India ramps up inflation fight

Published April 18, 2008

NEW DELHI, April 17: India’s central bank ramped up its fight against inflation on Thursday, moving to cool demand by reducing money available for commercial loans, while leaving short-term borrowing rates unchanged.

The move comes as the Indian government attempts to wrestle down inflation, driven by soaring global prices of basic foods such as rice, which have hit hard India’s impoverished millions.

With elections looming in a year, the Congress-led government has made fighting inflation -- running at a three-year high -- its top priority, fearing a backlash from the poor, its key support base.

The surprise 50-basis point hike in the cash reserve ratio (CRR) to 8.0 per cent came after data earlier in the day showed annual inflation had dropped slightly but was still around 7.14 per cent.
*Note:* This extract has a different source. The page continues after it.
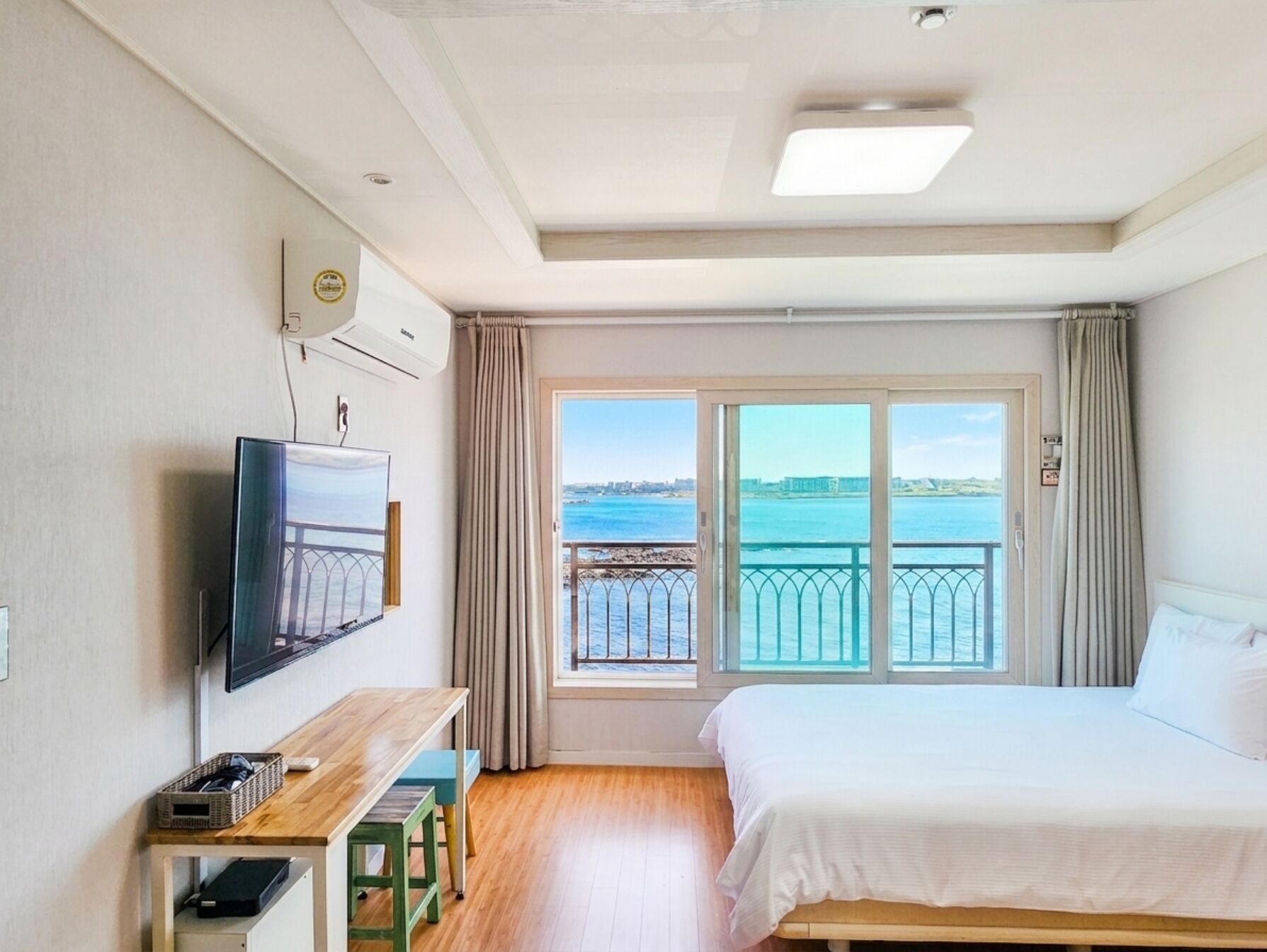 Habitación de hotel con cama, televisión, escritorio, ventana con vista al mar y balcón.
“In the light of current macroeconomic, monetary and anticipated liquidity conditions, and with a view to containing inflation expectations, it is essential to take appropriate action on an urgent basis,” the bank said.
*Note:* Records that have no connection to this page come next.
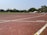 A well-maintained athletic track with clear lane markings under a bright blue sky.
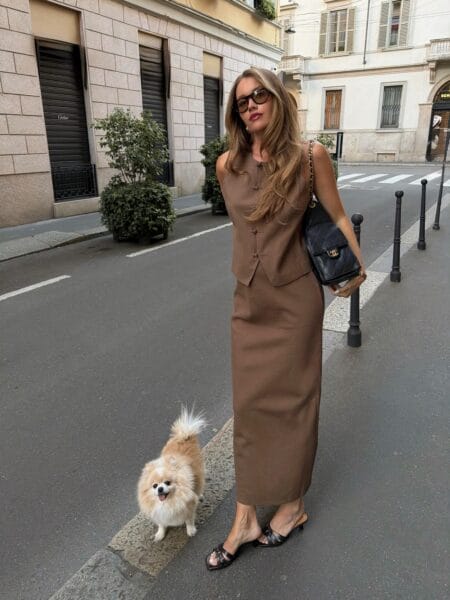 Brown linen waistcoat and matching column skirt with black quilted chain bag in Milan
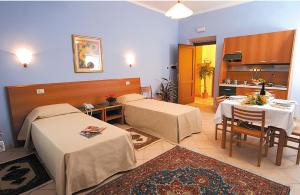 托雷佩利切普罗旺斯公寓式酒店的带两张床和一张桌子的房间以及一间厨房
The Reserve Bank of India noted inflation according to the Wholesale Price Index stood at just 3.83 per cent on Jan 12 in Asia’s third largest economy and has climbed steeply since.

Rising prices mean inflation expectations need “to be monitored and moderated,” said the bank, which announced the tightening less than two weeks ahead of its annual policy meeting.
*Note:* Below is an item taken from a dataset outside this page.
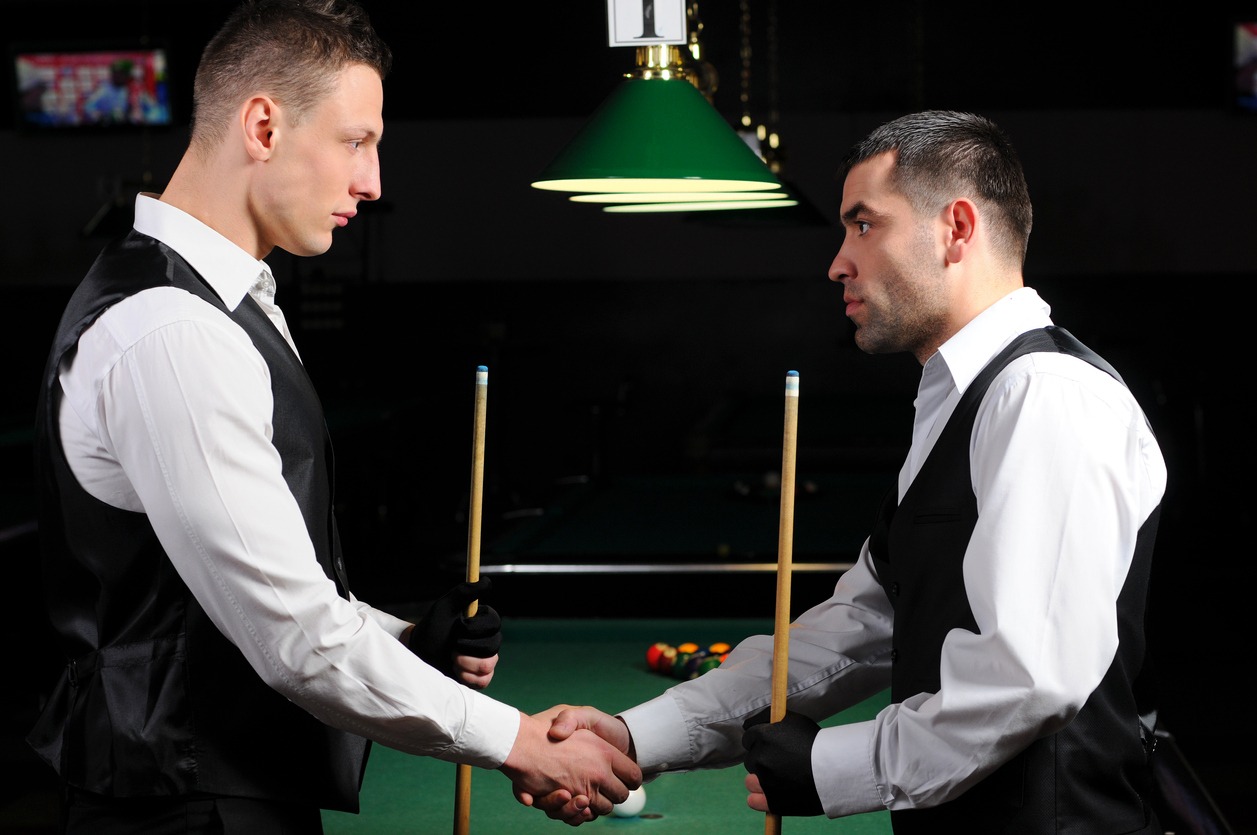 Two players shaking hands in front of a billiards table before a competitive match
The bank’s aggressive tightening cycle, which began in 2004, has slowed economic growth with some economists forecasting it will fall as low as seven per cent in this fiscal year to March 2009 from around 8.8 per cent last year and 9.6 per cent the previous year.

Analysts said more tightening measures could be in store on the day of the bank’s policy meeting on April 28.

“They may want to raise one of the signal official rates and perhaps they didn’t want to pack it all into one day,” said Abheek Barua, chief economist of India’s HDFC Bank.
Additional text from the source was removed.